#### WHAT IS REQUIRED:
From the material below, set down exactly the lines that run from the one containing "Trotting race" to the one containing "Rybožraví jaguáři: Milovníci", minus the pictures.

#### DATA TO PROCESS:

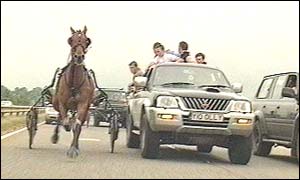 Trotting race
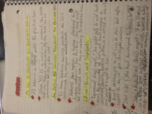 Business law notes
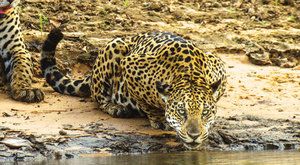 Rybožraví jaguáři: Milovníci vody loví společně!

---

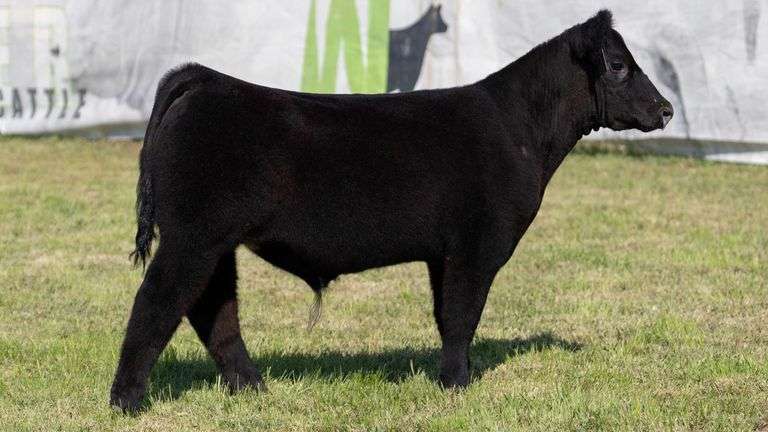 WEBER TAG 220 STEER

#### WRITTEN RESPONSE:
 Trotting race
 Business law notes
 Rybožraví jaguáři: Milovníci vody loví společně!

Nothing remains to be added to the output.